Vajiralongkorn urged the public to “remember and be aware” of the remarks of his father, who died in 2016.

The message comes a few hours before Thais are set to vote in a national election for the first time since the 2014 coup — the twelfth by the army in less than a century.

The king called on the general public, the military, police and civil service to heed the words of his father.

“His majesty is concerned about the stability of the nation, the feelings and happiness of the people,” the statement added.

Thailand is a constitutional monarchy. But the palace holds unassailable powers and is shielded from criticism by a harsh royal defamation law.

The turbulent kingdom remains bitterly divided despite the junta’s pledge to rescue the country from a decade-long treadmill of political instability, protests and coups.

Sunday’s election pits a royalist junta and its allies against the Shinawatras’ polished electoral machine and an unpredictable wave of millennial voters, whose political loyalties are unknown.

Shortly after the king’s statement the top trending hashtag on Thai Twitter was #oldenoughtochooseourselves.

Numbers game

The junta-party, which is proposing army chief turned premier Prayut Chan-O-Cha for civilian prime minister after the polls, is under intense pressure to avoid humiliation today in what is effectively a referendum on its popularity.

Prayut toppled the civilian government of Thaksin’s younger sister Yingluck in 2014.

The army and its allies in the Bangkok elite loathe the Shinawatras, accusing the clan of toxifying Thai politics and society with money, nepotism and graft.

The Shinawatras say they have simply recognised the economic and democratic aspirations of the majority of Thais, reflected in their landslide election wins.

This time the ruling junta has written new election rules aimed at curbing the number of seats big parties — specifically the Shinawatras’ main election vehicle Pheu Thai — can win.

Pheu Thai is expected to again sweep up the north and northeastern heartlands as it seeks to head an anti-junta coalition.

A 250-member junta-appointed senate and a new proportional system were meant to have manoeuvered Prayut and the junta party — Phalang Pracharat — into pole position.

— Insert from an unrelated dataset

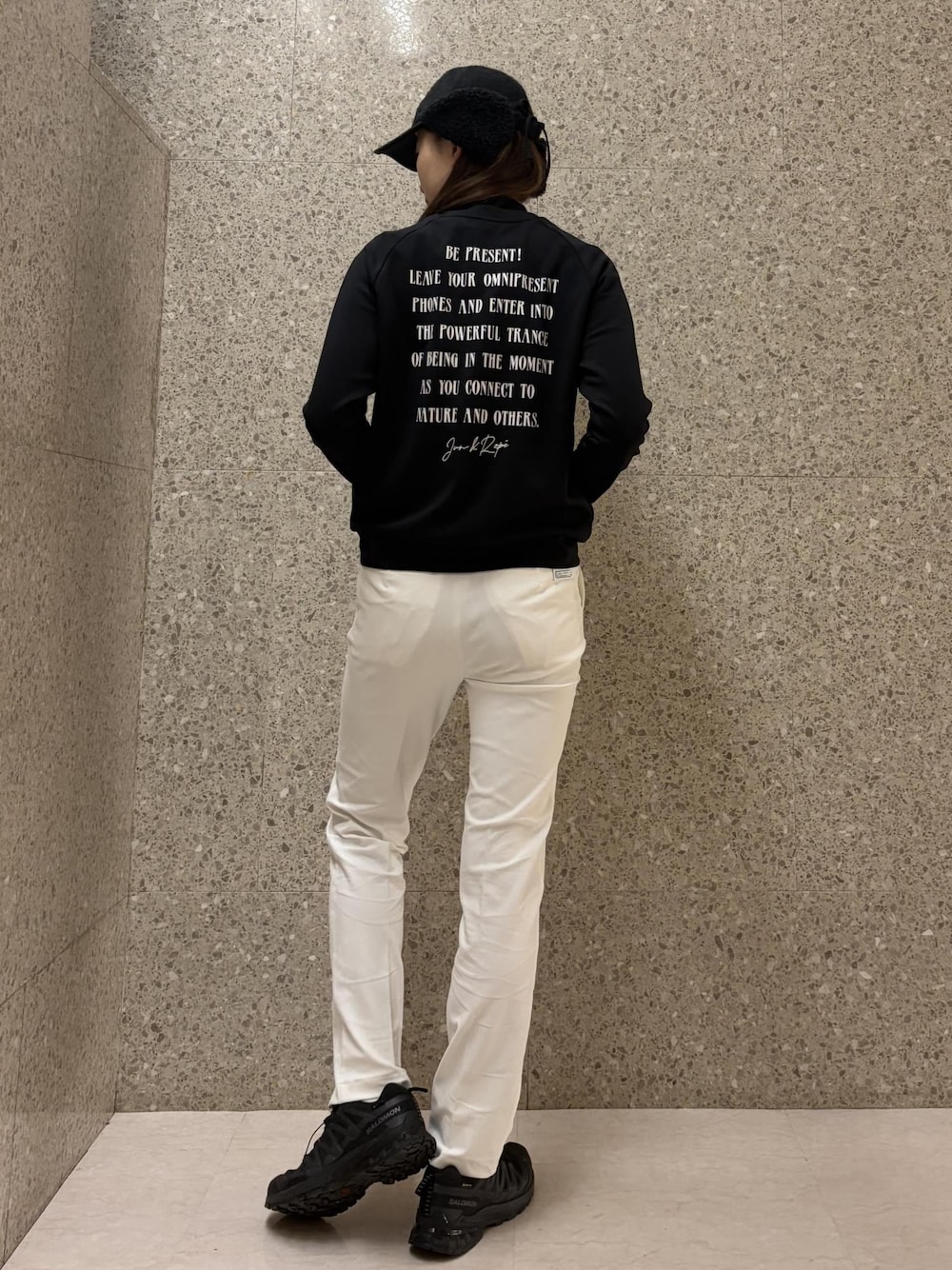 ブラック系のTシャツ/カットソー、ホワイト系のその他パンツ、ブラック系のTシャツ/カットソーを着用したレディースの冬コーディネートの1枚目の写真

With senate votes in hand, the party needs just 126 lower house seats to secure a parliamentary majority. It can cross that line comfortably with alliances with smaller parties.

Pheu Thai, however, needs 376 lower house seats to command an overall majority — near impossible without complex tie-ups across pro-democracy factions.

“A deadlock is very likely,” political scientist Napisa Waitoolkiat of Naresuan University told AFP.

New demographic forces have complicated the normal split between pro-and anti-Shinawatra factions.

Seven million millennials are eligible to vote for the first time.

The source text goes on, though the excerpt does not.